The net income or net loss of business concerns for a particular accounting period can be known from the income statement.

The summary of the financial position of a business concern reflected by the records relating to accounts at the end day of the accounting period can be known through the balance sheet. This statement also shows how net income is distributed into different heads.

Changes in the working capital of a particular period can be known from the fund flow statement. This statement provides necessary information regarding sources of working capital and their uses.

The cash flow statement provides the sources of cash receipts and payments under different heads for a particular period.

Financial statements represent a brief picture of the financial activities of a company.

Regarding financial statements Donald E. Kieso, Jerry J. Weygandt, and Terry D. Warfield have stated in their Intermediate Accounting (10th edition): “Financial statements are the principal means through which financial information is communicated to those outside an enterprise. These statements provide the firm’s history quantified in money terms.

The financial statements most frequently provided are;

  1. the balance sheet,
  2. the income statement,
  3. the statement of cash flow, and
  4. the statement of owner’s or stockholder’s equity. Also, note disclosures are an integral part of each financial statement.”

The American Institute of Certified Public Accounts states that financial statements are integrated information of recorded events, accounting conventions, and individual judgment capacity.

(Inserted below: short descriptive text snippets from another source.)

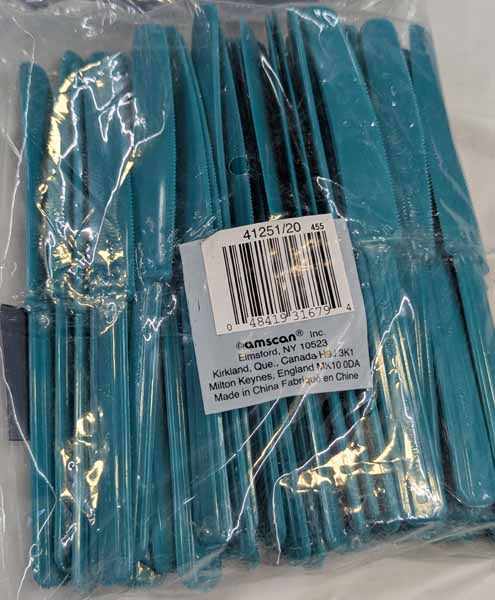Teal Plastic Knives, 50 Pack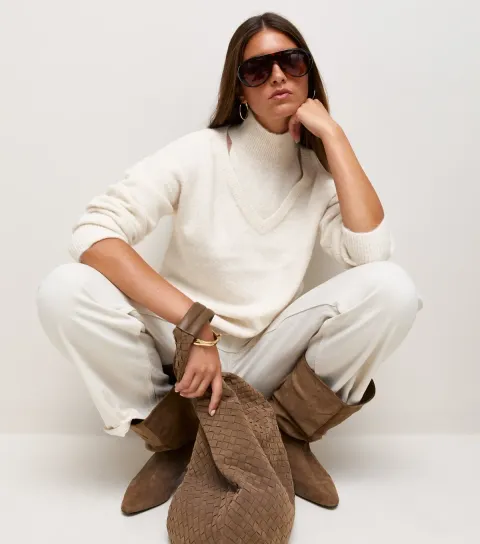 Women's Cream Cut Out Collar Knitted Jumper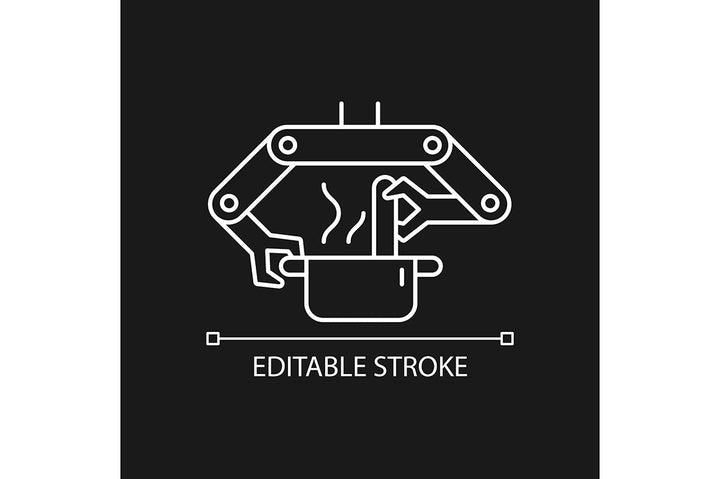 Automation linear icons set for dark and light mode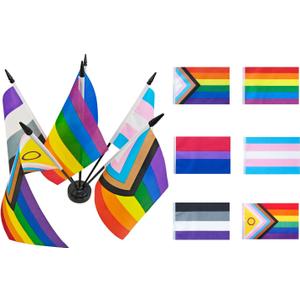 2 x Rainbow Pride Deluxe Desk Flag Set -6 Branch Miniature Gay LGBT Flag Desk Set Table Black Base and Spear Top-Desktop Decorations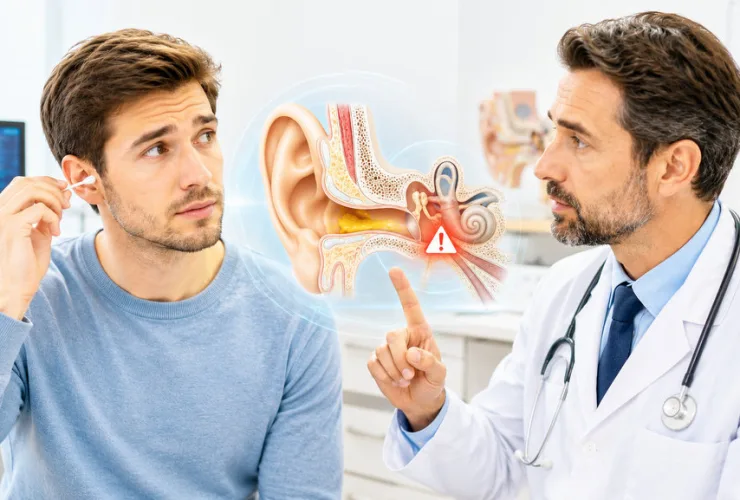 Pessoa segurando um cotonete próximo ao ouvido enquanto um médico alerta para os riscos da limpeza inadequada.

Judgment capacity that is used to influence the statement materially.

Presentation of financial data including Balance Sheet, Income Statement, and statement of cash flow or any supporting statement that is intended to communicate an entity’s financial position at a point in time and its results of operations for a period then ended.

Importance of Financial Statements

Accounting is an information communication system.

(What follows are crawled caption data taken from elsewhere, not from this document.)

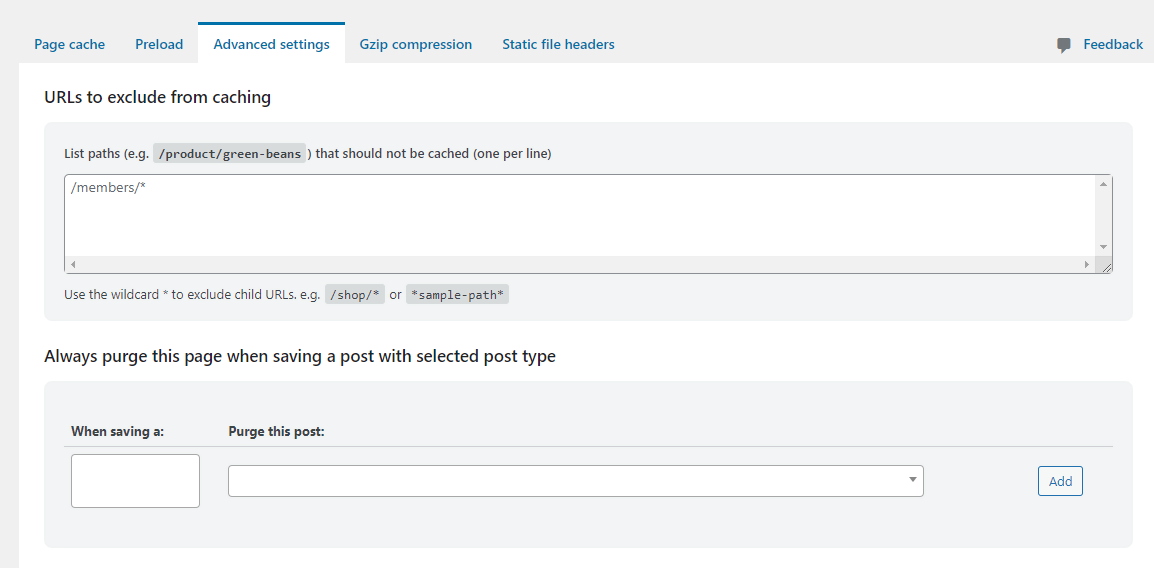 WP-Optimize Advanced settings options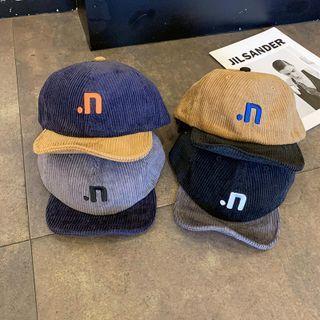 Letter N Corduroy Short Brim Baseball Cap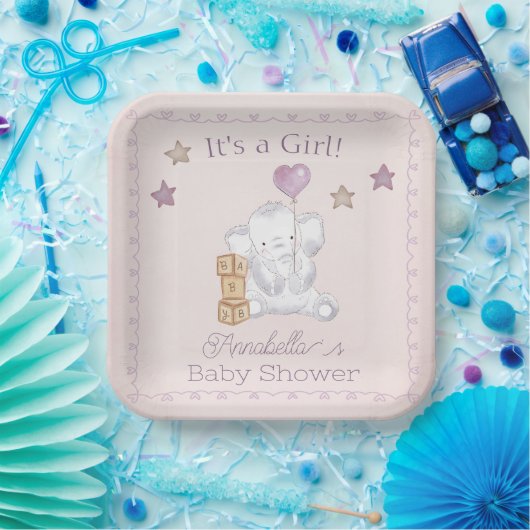 Roze Baby Meisje Olifant en Ballon Waterverf Papieren Bordje (Feest)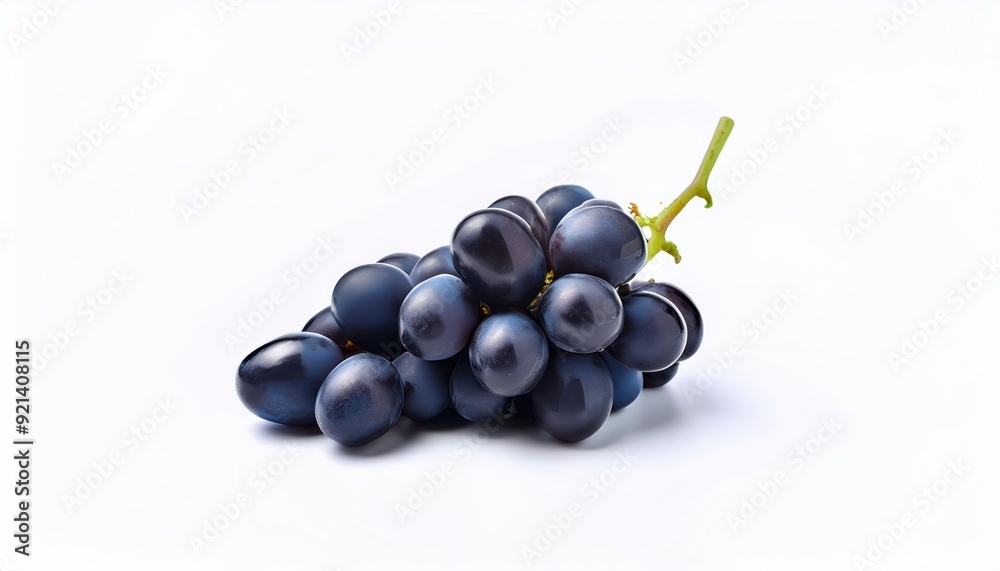 Fototapeta premium Black Grapes on White: A cluster of plump, dark purple grapes with a delicate green stem, isolated on a pristine white background. The image evokes freshness, sweetness, and a sense of pure indulgence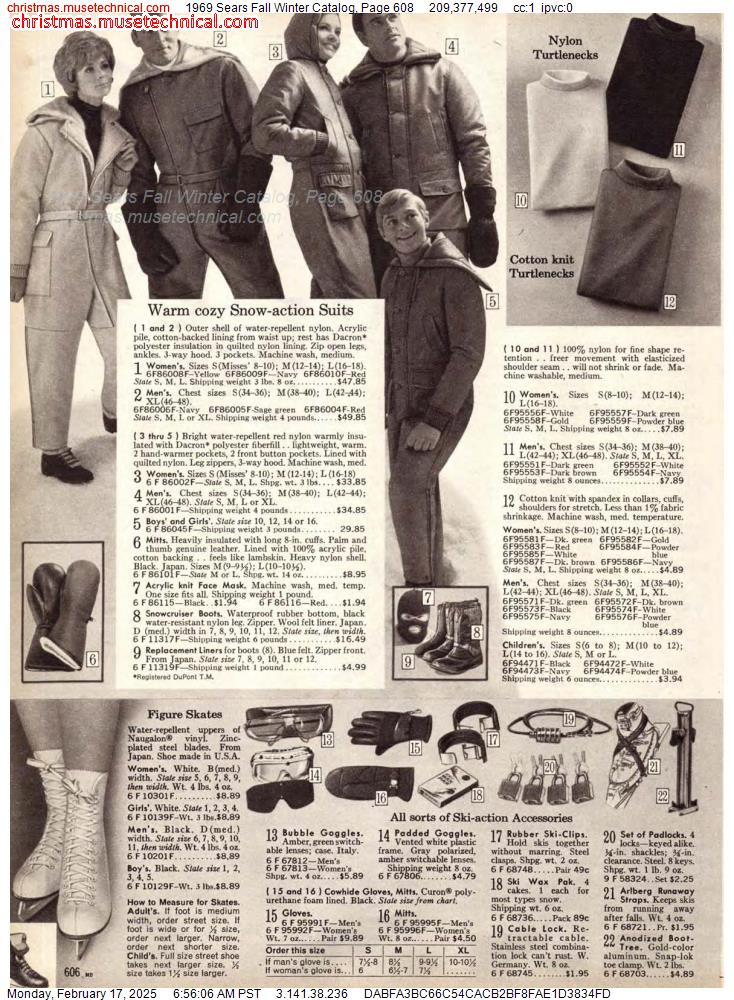 1969 Sears Fall Winter Catalog, Page 608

Through financial statements, necessary information is communicated to various interested parties. Financial statements play a role in providing information.

Financial statements are considered as the mirror of a business concern because they reflect the working capacity or weakness of a business concern. Financial statements come to the use of various parties.

For example, management, investors, banks, creditors, officials, government, business organizations, consumers, and general masses are benefited by financial statements.

George May has classified the financial statements from which parties are benefited into ten;

  1. Reports of financial supervisor,
  2. The basis of revenue principles,
  3. Dividend determining principles,
  4. Dividend payment basis,
  5. The basis for granting a loan,
  6. Information to potential investors,
  7. Investment value determining,
  8. Government supervisory control,
  9. The basis of cost control,
  10. The basis of tax principles.

7 Components of Financial Statements

Financial statements are mainly four statements and generally prepared by most of the business concerns. These are;

  1. Income statement
  2. Owner’s equity statement
  3. Balance sheet.
  4. Statement of cash flow. These are the most important other statements are;
  5. Retained earnings statement.
  6. Statement of fund flow
  7. Notes to accounts and disclosure.

Income statement

The statement which is prepared at the end of a particular accounting period with the help of periodic income and expenditure to know the operating result i.e., profit or loss of a company, is called an income statement.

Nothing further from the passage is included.